TL;DR you’re probably wasting time, resources, and revenue running unnecessary A/B tests. Offline policy evaluation can predict how changes to your production systems will affect metrics and help you A/B test only the most promising changes.
A/B tests are essential for measuring the impact of a change or new feature. They provide the required information for making data-driven decisions. They also take a long time to run, are subject to false positives/negatives, and can give real users bad experiences.
Just like A/B tests be came standard practice in the 2010s, offline policy evaluation (OPE) is going to become standard practice in the 2020s as part of every experimentation stack.
At a certain point every company runs A/B tests.

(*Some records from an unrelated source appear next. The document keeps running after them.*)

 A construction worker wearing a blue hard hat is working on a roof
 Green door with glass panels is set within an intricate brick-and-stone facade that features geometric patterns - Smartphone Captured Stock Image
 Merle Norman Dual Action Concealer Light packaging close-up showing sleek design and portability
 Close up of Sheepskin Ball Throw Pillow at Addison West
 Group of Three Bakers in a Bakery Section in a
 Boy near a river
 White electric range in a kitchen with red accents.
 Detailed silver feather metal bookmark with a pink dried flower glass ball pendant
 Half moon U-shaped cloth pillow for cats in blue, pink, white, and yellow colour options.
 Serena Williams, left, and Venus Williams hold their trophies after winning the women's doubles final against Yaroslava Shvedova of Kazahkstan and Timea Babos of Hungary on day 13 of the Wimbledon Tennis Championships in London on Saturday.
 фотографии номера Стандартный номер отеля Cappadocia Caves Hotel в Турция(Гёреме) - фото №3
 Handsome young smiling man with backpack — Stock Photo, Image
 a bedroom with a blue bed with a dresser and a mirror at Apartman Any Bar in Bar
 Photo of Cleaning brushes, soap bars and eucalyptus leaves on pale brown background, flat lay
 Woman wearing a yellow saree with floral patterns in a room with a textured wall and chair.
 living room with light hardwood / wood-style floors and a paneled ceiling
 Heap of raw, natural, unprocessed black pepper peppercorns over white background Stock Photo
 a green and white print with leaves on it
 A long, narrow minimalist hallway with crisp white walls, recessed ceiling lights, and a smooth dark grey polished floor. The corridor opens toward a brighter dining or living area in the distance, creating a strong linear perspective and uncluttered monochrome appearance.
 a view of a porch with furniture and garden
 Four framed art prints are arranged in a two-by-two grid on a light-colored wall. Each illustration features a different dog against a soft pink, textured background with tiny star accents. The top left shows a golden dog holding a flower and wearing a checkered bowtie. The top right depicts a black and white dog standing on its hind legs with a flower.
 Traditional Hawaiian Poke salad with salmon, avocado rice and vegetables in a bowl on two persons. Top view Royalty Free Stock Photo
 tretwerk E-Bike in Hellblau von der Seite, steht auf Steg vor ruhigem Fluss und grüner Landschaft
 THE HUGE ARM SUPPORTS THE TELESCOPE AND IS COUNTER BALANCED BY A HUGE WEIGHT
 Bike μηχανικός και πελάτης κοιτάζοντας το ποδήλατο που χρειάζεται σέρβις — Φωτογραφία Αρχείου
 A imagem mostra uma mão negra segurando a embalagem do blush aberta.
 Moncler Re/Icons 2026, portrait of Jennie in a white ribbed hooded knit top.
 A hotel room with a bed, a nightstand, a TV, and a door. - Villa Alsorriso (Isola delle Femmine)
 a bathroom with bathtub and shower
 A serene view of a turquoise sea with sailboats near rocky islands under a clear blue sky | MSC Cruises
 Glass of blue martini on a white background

Simple changes, like changing text on a landing page, are easily tested with any A/B service available now.. They can also test something more complex, like a decision making system. A decision making system could be a recommendation engine, a set of handcrafted fraud rules, or a push notification system. In machine learning jargon, decision making systems are called “policies”. A policy simply takes in some context (e.g. time of day) and outputs a decision (e.g. send a push notification). A perfectly data-driven company would measure the impact of any and every change to a policy.
At Facebook, I worked on the applied reinforcement learning (RL) team where our goal was to develop better policies for push notifications, feed ranking, and many other problems. Every time we created a new policy, or tweaked an existing policy, we would run an A/B test…and then wait several weeks to gather data to find out if this new policy was better than the current one.